Zeki Demirkubuz Sineması: Karanlık Üstüne Öyküler 1 ve 2

Türk Sineması'na da ayrı bir yer ayıran festivalde bu yıl Zeki Demirkubuz'a ayrılan Aşk, Acı ve Merhamet Öyküleri 1994-2001 başlıklı bölüm festivalin doruk noktasıydı. Zeki Demirkubuz'un C Blok, Masumiyet, Üçüncü Sayfa, İtiraf ve Yazgı filmlerini üç gün boyunca izledikten sonra Zeki Demirkubuz'la filmler üzerine söyleşi yapma olanağı bulduk. Türk Sineması'nın farklı bir sinema dili oluşturmuş ender yönetmenlerinden biri olan Demirkubuz, izleyicilerin filmleri üzerine sorduğu soruları içtenlikle ve açıklıkla yanıtladı. Demirkubuz'un yeni çektiği Karanlık Üstüne Öyküler kapsamındaki Yazgı ve İtiraf İzmir'de ilk kez gösterildi. Yazgı ve İtiraf felsefi derinlikleriyle dikkati çeken hesaplaşma filmleri.

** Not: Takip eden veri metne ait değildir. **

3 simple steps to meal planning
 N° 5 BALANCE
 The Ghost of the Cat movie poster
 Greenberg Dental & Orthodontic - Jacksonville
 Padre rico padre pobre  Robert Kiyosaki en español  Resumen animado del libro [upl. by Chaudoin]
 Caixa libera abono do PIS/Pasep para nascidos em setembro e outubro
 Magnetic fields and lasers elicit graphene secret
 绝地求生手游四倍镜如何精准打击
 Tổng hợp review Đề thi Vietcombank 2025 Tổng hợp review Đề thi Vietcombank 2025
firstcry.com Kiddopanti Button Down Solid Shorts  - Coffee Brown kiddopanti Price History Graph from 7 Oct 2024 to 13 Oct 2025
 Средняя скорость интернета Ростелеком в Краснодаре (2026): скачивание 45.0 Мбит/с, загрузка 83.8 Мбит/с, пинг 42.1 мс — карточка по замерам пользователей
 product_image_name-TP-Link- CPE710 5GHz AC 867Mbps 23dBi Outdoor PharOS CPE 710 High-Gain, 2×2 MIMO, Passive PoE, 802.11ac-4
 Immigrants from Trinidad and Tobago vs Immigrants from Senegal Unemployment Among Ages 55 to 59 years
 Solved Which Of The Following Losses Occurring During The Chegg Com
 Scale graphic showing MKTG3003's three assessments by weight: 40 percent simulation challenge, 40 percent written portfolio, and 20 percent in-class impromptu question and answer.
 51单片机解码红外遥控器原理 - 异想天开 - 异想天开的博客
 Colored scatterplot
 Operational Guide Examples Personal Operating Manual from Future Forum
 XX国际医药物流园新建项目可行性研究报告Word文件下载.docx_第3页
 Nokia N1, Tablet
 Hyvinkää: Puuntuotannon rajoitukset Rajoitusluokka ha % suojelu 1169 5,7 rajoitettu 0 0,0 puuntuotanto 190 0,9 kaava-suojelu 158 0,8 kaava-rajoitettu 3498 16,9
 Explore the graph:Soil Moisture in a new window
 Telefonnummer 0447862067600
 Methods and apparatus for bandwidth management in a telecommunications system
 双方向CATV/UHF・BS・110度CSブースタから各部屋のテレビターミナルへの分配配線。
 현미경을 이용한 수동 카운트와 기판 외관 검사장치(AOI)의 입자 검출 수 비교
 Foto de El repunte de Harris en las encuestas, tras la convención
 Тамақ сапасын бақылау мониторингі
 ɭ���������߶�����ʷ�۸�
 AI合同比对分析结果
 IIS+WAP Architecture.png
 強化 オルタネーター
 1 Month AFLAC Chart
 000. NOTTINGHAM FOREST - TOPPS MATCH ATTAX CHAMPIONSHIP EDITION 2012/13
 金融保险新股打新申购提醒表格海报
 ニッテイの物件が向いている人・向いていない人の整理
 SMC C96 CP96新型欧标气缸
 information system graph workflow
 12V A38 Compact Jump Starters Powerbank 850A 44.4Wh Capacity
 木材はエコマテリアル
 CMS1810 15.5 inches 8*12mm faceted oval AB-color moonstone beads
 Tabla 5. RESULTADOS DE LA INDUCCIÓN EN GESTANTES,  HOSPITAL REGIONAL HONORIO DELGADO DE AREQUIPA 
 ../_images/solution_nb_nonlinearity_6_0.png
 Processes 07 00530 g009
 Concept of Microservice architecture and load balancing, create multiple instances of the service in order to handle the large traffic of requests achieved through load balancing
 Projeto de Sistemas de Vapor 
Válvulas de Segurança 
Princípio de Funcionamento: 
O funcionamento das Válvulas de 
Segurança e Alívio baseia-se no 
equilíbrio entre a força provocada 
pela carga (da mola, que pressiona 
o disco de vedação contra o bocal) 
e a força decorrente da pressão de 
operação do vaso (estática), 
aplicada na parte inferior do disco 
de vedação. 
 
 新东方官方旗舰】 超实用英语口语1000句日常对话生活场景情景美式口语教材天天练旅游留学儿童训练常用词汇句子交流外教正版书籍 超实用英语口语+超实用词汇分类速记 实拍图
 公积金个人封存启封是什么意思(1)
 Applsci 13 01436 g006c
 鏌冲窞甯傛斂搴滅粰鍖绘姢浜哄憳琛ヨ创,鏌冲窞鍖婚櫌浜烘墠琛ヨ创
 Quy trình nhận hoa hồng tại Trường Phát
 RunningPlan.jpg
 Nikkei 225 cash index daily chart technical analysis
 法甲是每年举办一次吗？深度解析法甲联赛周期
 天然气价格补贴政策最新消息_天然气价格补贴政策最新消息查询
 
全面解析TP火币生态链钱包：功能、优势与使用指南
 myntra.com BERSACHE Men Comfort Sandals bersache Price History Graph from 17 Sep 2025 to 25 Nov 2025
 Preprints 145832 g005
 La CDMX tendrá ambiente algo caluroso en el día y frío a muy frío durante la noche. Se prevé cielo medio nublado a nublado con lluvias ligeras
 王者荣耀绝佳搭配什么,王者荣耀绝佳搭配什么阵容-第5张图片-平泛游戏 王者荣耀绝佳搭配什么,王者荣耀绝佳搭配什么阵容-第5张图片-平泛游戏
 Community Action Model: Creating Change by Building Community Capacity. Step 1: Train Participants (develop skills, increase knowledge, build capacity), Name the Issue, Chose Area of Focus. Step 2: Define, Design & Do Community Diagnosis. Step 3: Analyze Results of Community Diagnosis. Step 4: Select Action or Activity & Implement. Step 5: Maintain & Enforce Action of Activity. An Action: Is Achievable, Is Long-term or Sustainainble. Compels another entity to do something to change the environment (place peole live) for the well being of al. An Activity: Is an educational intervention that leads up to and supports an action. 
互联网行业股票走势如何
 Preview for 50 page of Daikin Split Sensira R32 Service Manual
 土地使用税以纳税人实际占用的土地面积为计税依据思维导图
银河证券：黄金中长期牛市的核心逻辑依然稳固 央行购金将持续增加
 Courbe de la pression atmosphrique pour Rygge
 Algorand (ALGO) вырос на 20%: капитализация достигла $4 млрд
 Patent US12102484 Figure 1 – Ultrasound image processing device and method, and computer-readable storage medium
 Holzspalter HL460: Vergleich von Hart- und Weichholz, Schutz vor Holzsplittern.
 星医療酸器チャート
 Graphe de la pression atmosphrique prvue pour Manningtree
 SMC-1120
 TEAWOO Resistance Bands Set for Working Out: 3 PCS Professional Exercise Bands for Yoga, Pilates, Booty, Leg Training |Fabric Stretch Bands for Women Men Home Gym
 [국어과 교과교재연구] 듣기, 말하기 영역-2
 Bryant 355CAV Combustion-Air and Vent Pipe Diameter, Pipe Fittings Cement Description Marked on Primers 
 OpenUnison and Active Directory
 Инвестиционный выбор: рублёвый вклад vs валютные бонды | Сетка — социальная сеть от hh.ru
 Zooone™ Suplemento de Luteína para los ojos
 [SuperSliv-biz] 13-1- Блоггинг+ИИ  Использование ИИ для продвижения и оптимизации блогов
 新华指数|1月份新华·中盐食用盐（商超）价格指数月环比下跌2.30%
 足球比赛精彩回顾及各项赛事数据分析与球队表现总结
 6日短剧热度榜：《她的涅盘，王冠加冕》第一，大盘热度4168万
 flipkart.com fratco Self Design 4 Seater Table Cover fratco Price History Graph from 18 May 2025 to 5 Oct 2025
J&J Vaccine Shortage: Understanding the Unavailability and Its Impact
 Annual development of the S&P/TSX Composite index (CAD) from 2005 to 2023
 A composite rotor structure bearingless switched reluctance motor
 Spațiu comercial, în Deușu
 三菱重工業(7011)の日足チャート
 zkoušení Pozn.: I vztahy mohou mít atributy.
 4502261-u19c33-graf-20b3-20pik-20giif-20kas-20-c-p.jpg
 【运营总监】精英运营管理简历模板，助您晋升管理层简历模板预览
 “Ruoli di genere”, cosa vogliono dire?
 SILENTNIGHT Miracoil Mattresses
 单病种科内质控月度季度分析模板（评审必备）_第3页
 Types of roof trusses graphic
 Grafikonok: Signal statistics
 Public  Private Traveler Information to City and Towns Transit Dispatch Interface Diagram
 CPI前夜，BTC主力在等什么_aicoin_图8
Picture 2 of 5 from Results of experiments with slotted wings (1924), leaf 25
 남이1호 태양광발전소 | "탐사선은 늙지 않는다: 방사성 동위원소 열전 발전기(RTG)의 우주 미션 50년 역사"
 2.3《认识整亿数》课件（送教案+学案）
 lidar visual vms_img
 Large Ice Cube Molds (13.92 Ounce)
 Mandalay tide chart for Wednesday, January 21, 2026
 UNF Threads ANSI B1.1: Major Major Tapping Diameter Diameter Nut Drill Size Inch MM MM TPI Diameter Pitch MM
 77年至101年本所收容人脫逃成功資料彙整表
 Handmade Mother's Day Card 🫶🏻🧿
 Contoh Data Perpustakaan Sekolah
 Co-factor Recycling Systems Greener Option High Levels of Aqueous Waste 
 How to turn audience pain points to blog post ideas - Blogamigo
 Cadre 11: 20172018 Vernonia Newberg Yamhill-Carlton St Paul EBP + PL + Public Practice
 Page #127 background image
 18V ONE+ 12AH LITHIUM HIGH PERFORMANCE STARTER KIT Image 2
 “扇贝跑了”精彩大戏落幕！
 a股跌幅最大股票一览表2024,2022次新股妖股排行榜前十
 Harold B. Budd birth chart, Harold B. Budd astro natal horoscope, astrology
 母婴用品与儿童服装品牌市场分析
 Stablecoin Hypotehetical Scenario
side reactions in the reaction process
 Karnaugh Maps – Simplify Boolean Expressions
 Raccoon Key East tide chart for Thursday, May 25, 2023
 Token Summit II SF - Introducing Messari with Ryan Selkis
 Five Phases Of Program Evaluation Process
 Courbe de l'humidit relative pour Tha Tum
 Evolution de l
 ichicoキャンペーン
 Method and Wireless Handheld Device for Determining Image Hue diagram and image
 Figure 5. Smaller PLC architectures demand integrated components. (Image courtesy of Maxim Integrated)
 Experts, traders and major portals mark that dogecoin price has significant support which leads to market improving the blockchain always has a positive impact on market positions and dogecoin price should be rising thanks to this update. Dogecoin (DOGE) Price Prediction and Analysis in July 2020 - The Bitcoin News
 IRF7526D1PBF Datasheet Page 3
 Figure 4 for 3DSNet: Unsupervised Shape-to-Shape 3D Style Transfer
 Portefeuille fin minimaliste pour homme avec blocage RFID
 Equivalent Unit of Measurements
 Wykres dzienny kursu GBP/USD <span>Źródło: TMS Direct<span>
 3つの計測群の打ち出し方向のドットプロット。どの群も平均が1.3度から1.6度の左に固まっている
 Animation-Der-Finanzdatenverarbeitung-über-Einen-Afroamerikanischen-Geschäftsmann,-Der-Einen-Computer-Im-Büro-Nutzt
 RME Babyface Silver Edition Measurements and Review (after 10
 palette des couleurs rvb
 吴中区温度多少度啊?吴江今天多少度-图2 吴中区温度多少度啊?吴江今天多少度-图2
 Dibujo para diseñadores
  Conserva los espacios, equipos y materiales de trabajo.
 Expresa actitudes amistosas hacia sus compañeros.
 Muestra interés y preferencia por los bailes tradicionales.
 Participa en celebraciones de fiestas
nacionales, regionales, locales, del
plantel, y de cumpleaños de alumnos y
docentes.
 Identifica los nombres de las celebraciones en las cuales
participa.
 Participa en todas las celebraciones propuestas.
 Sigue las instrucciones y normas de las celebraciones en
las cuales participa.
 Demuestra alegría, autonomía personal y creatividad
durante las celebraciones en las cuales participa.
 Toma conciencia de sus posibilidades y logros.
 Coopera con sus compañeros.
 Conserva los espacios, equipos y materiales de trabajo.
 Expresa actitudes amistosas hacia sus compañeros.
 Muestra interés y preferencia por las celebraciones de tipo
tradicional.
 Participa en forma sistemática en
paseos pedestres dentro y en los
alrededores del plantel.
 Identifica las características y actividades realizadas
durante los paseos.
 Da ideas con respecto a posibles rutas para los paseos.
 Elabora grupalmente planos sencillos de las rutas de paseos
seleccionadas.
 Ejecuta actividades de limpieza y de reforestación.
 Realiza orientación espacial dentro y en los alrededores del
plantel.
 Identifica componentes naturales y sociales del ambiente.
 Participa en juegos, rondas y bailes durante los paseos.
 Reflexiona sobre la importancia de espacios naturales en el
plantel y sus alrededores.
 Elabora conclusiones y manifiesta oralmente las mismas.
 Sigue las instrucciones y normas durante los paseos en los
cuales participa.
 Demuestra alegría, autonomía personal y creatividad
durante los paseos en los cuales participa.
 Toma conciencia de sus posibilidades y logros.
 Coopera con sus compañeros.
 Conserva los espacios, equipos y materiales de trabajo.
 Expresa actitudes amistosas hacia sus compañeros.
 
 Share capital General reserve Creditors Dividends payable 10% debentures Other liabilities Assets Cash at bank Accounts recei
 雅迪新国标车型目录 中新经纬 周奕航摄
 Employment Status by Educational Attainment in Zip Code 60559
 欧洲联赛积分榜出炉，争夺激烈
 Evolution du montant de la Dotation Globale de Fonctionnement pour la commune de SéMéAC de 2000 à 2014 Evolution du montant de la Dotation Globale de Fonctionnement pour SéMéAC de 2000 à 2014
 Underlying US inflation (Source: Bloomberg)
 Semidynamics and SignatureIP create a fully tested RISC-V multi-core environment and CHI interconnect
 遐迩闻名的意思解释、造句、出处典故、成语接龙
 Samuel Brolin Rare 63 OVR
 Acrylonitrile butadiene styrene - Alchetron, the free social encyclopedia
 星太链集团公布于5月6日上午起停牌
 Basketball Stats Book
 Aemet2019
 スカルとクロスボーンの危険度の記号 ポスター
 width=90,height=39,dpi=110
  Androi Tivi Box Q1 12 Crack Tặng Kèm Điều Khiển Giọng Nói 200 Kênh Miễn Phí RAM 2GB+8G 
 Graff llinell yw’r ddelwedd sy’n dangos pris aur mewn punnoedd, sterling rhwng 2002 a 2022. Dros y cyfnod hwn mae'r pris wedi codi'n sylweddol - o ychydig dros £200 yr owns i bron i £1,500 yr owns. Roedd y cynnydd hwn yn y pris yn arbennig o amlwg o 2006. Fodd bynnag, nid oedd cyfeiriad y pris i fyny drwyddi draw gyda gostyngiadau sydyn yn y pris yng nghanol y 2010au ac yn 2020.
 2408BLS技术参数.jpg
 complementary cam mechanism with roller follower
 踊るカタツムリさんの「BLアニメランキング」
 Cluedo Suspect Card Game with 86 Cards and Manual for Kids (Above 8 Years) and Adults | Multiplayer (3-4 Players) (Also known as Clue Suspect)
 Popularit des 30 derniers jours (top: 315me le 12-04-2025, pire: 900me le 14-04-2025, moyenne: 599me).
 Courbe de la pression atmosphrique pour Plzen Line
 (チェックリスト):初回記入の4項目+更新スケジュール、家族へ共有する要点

Demirkubuz bu filmlerde kendi derinlikli kişisel dünyasını yansıtırken seyircinin iç dünyasına da bir ayna tutuyor. Masumiyetini yitirmiş, ilgisiz ve duyarsız dünyamızda Zeki Demirkubuz, düşüncelerini sinema diline dönüştürebilen, filmleri çağımız insanının yüzüne bir tokat gibi çarpan, kişisel bir sinema yaparken günümüzün sorunlarını da düşünsel boyutta irdeleyen farklı bir yönetmen.Yerelden evrensele, evrenselden yerele ulaşabiliyor. Yazgı'da Albert Camus'nün kayıtsız kişisi Meursault'yu Musa'ya dönüştürürken, bu karakterin evrensel niteliğini kaybettirmez. O hangi coğrafyada olursa olsun, adı Meursault veya Musa olsun aynı kişidir. Demirkubuz adapte etmez, yeniden yazar. O, İstanbul'un kenar mahallelerinde bir insanlık tragedyası yaratır ama bu ciddi anlamda bir trajedi de değildir, aynı zamanda bir anlamda komiktir. Saçmanın komikliğidir söz konusu olan. Demirkubuz'un mizahı görünürde değil, çok derinlerdedir. Bu durumu bu kadar ciddiye almamızın komikliğini, Musa'nın kayıtsızlığının altını çizerek gösterir bize. Filmin afişinde görünen fotoğraf karesi, bu zavallı hayatımızın komikliğini anımsatır. Bu anlamda ne kadar Karanlık Üstüne Öyküler anlatırsa anlatsın, Zeki Demirkubuz umut kapısını hep açık bırakan bir yönetmendir bana göre. O karanlığa yolculuk yapmış bir Dostoyevski, saçmalığa karşın adaleti savunan bir Camus gibi anlatır hikayesini. Ama o ne Dostoyevski ne de Camus taklitçisi değildir. Fazlasıyla Zeki Demirkubuz'dur. İnsanlık durumunun sefaletini görmüş, vicdanıyla ve insanlık haliyle hesaplaşan bir iz sürücüdür. İz sürerken derin izler bırakır arkasında. İnsanın içindeki karanlığa yolculuk yapmaya cesaret edenler için. Karanlıktan çıkmanın tek yolu da budur belki, kendi karanlığıyla yüzleşmek.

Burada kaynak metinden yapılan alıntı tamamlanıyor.